Une telle solution supposerait que chaque partie reconnaisse l’autre comme une nation égale. Les relations communautaires qui existaient durant les siècles de domination ottomane [9] et durant une bonne partie du 20° siècle [10] pourraient servir en tant qu’expérience historique commune sur laquelle construire, comme la « disqualification de l’intégration nationale, la partition, la double autorité et le contrôle comme mécanismes pour la résolution des conflits, nous amènent à examiner différentes organisations de gouvernement partagé comme une base viable pour la stabilité politique. [11]

Le leadership israélien et l’opinion publique se réfèrent au problème du soulèvement palestinien en tant que violence inter-communautaire alors que cela masque la négation d’un nationalisme palestinien et ils sont en faveur de solutions fédérales, mais dans le contexte d’une « autonomie » sous contrôle israélien ou d’une « entité » palestnienne incorporée à la Jordanie. [12]
Certains, par ailleurs, ne sont pas d’accord que le fédéralisme puisse opérer en tant que solution au conflit israélo-arabe et croient que « des avancées à petits pas » sont plus sûres et plus réalisables. [13]

La fédération pourrait être parlementaire et agglomérer les systèmes parlementaires actuels d’Israël et de l’Autorité palestinienne. Une union d’Israël et de la Palestine basée sur l’expérience du Royaume uni pourrait éviter les problèmes liés à la classification de la fédération soit comme juive, soit comme arabe, tout en préservant cette identité au niveau de l’Etat. Une identité politique légère associée à la fédération permettrait à la fois aux Juifs et aux Arabes de conserver leurs propres symboles nationaux à travers lesquels chacun est associé et l’autre exclu. [14]

Une constitution fédérale définirait la distribution des pouvoirs et des fonctions et, comme il s’agirait d’une fédération bi-communautaire composée de deux communautés nettement différentes, il faudrait maintenir un équilibre entre asymétrie et égalité.

C’est similaire au débat qui se déroule au Canada sur le Québec et on bénéficierait de la notion de la concurrence et de la prédominance provinciale, avec une distribution symétrique mais une application asymétrique. [15] Chacun disposerait de la souveraineté dans ses territoires dans des domaines spécifiques tels que l’éducation, la culture, le droit, la santé, la police, tandis que les autres seraient laissés au gouvernement fédéral.
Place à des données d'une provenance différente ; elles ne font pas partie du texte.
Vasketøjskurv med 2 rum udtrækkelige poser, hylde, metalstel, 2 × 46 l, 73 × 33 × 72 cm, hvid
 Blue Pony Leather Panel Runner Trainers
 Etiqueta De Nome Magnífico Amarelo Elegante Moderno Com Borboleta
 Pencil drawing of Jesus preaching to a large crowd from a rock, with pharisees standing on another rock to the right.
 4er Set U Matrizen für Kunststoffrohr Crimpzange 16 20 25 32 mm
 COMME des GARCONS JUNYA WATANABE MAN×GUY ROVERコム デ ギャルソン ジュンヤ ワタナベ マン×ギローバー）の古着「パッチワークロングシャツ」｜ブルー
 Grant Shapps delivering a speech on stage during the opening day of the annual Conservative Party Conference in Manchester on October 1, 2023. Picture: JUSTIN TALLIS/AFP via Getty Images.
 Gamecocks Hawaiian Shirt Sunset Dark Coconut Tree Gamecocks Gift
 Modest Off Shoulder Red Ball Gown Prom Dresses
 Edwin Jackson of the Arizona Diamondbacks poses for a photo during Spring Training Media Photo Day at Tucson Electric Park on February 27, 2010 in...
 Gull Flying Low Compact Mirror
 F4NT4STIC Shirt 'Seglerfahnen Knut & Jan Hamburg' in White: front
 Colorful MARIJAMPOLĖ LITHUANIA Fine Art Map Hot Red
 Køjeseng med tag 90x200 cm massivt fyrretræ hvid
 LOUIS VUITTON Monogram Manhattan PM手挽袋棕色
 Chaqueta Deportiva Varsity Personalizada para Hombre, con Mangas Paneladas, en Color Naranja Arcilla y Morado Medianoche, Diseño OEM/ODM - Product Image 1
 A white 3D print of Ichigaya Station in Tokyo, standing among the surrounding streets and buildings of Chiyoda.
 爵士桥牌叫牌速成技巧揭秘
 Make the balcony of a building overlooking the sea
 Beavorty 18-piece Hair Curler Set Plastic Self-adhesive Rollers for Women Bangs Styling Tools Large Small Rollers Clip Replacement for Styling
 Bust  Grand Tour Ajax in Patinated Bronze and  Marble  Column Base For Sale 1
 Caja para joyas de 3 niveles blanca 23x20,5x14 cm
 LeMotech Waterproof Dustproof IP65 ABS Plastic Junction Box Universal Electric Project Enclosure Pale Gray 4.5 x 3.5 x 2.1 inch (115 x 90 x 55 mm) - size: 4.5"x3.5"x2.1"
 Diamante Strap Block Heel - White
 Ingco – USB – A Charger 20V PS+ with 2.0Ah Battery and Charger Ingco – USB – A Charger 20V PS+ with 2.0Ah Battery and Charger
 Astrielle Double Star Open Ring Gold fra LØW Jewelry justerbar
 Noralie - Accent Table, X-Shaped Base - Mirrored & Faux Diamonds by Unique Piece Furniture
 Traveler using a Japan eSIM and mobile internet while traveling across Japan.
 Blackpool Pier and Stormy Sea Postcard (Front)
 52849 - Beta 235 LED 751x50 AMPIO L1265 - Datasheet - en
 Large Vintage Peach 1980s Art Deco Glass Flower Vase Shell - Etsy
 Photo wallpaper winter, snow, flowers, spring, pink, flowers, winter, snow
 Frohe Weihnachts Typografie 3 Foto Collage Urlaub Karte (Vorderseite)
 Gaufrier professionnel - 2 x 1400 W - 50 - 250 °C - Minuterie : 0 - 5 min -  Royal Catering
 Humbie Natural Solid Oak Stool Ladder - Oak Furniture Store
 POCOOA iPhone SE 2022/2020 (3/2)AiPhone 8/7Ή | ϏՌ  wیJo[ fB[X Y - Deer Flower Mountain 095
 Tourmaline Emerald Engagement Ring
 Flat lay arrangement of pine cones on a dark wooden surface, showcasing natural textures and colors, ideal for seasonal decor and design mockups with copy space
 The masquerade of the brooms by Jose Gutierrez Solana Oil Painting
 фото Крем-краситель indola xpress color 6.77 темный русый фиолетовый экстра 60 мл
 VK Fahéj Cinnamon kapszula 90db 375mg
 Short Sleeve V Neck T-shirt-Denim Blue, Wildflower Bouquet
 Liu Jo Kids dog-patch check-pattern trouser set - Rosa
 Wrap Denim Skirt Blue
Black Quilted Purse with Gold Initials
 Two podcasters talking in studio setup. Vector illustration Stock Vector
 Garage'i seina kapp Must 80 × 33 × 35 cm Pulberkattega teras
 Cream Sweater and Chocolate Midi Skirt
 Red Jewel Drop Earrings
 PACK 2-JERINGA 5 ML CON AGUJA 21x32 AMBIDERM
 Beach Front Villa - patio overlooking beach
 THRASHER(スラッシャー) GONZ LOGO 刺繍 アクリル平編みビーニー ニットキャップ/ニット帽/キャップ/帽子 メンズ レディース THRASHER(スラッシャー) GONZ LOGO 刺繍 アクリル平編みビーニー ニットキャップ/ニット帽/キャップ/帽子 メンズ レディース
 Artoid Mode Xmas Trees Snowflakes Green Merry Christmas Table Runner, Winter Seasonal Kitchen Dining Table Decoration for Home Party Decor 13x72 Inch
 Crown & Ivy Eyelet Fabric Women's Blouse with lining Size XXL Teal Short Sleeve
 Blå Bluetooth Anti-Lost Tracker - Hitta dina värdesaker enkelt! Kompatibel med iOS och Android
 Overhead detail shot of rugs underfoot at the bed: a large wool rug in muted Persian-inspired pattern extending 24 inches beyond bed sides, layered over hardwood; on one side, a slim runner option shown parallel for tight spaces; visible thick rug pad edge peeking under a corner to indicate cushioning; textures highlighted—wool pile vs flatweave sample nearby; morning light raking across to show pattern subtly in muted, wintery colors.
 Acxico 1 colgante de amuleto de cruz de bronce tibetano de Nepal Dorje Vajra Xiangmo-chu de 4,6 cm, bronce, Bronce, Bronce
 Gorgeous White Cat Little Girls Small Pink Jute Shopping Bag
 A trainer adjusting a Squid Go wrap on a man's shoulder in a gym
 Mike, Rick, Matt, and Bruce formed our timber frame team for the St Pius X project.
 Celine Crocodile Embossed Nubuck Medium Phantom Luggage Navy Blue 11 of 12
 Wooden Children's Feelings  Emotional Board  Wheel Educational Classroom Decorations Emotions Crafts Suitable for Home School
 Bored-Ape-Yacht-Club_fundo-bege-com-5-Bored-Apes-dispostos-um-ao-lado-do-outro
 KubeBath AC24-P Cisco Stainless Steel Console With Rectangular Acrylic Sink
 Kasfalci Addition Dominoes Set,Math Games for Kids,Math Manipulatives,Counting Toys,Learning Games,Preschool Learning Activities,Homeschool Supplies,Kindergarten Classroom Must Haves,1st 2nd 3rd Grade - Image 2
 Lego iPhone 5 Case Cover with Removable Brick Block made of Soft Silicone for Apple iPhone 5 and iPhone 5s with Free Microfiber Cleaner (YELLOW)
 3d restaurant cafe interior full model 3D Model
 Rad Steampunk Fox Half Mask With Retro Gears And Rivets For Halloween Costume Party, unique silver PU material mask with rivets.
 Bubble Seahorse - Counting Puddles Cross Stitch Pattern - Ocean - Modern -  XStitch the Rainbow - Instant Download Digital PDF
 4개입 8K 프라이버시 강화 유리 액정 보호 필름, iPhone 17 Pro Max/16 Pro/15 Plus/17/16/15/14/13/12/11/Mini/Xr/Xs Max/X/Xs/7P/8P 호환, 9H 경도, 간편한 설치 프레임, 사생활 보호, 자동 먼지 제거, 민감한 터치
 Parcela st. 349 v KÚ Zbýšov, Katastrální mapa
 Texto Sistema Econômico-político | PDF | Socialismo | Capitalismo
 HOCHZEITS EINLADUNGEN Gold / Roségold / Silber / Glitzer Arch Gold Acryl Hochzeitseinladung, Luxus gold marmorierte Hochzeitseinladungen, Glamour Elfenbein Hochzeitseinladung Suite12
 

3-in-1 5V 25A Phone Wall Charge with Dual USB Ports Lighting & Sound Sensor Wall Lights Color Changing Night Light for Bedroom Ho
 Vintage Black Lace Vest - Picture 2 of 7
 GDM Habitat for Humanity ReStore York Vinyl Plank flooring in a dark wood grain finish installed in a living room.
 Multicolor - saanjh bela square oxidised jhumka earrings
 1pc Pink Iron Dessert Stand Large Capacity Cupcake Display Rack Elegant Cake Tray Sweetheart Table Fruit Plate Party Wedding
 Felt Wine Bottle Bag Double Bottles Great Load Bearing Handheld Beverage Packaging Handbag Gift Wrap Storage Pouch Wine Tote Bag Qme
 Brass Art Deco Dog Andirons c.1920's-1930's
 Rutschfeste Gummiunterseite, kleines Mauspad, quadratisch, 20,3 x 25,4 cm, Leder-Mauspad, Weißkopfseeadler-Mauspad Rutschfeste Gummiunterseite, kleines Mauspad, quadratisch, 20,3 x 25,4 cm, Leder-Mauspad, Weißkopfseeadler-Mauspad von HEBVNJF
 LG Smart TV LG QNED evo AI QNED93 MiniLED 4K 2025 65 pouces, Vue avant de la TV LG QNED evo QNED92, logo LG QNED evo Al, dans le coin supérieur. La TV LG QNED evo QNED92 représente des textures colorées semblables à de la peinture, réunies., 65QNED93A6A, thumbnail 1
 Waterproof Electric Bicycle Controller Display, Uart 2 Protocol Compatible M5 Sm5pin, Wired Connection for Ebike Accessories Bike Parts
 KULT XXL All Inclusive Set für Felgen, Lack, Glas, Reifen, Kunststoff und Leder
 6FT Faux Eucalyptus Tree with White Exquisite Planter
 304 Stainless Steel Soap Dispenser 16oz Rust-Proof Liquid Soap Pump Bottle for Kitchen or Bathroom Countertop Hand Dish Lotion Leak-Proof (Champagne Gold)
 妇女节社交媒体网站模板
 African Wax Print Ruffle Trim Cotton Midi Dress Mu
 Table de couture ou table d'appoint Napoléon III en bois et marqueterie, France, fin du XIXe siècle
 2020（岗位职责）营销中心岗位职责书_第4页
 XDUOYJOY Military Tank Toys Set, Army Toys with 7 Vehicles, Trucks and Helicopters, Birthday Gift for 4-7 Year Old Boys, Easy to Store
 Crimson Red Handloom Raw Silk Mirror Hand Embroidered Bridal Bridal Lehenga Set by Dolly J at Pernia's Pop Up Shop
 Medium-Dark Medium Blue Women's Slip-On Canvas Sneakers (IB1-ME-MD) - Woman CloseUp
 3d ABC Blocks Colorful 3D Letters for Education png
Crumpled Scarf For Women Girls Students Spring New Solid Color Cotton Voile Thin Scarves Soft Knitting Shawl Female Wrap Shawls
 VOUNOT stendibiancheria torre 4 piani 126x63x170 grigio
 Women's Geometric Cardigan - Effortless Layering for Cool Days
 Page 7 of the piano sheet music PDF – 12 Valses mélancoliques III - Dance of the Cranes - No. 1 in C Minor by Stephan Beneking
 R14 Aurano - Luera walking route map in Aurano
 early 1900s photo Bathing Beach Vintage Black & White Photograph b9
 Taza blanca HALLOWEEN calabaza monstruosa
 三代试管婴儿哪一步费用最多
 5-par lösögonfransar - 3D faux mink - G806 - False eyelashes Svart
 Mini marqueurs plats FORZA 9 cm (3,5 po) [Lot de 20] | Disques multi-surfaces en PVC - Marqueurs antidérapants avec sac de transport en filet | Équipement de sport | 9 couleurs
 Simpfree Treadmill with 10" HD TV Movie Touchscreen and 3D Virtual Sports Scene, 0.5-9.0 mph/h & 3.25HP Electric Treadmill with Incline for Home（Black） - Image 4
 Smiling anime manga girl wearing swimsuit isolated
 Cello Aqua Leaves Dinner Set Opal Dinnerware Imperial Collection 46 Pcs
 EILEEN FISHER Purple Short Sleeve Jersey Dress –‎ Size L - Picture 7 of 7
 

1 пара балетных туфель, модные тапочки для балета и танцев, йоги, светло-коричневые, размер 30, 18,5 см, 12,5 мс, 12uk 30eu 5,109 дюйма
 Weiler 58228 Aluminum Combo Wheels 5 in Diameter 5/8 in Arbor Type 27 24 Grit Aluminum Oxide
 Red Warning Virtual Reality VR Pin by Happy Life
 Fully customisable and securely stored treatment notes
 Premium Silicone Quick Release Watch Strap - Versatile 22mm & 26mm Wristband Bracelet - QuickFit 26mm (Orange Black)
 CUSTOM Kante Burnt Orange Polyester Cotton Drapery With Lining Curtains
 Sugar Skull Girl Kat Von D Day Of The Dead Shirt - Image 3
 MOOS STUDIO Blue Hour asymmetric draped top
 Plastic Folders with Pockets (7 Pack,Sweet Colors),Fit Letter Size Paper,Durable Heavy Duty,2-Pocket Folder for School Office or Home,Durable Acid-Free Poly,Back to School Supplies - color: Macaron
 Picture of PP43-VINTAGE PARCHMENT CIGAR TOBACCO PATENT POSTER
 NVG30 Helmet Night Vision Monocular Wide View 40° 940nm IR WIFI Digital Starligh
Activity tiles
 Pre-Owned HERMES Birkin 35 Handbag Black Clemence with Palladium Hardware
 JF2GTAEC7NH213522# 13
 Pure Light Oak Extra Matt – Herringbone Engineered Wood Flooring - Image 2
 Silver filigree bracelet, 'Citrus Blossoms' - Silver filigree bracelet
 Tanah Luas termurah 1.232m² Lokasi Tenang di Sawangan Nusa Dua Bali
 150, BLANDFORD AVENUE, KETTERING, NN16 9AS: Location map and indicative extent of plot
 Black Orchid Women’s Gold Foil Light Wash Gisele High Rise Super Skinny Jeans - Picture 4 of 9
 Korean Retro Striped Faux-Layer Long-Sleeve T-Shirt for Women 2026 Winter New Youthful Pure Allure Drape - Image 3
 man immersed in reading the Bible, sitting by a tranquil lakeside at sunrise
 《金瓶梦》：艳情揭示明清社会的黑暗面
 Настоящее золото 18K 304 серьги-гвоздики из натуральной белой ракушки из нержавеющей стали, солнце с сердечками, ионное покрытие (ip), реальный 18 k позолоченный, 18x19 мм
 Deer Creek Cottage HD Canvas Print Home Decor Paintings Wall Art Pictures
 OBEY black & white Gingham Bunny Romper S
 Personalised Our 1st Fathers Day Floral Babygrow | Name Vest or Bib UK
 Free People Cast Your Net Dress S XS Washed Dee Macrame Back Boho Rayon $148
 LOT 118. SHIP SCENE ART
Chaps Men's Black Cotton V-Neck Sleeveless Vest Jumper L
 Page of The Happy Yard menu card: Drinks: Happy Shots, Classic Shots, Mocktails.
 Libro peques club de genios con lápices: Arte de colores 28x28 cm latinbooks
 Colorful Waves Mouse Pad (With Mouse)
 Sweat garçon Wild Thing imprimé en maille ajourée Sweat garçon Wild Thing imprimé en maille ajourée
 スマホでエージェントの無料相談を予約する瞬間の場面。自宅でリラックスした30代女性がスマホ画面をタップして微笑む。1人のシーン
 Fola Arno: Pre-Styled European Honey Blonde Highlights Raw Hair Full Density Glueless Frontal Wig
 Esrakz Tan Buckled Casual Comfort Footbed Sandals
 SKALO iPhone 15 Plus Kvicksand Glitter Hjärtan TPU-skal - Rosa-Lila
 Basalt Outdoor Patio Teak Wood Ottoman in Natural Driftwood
La liberté de mouvement et d’installation serait garantie et il serait possible d’autoriser des restrictions pour un temps limité dans un but particulier. La nécessité d’une application asymétrique est essentielle pour prendre en compte la structure asymétrique du pouvoir et de la relation entre les deux communautés ainsi que leurs rapports avec leurs « diasporas » respectives.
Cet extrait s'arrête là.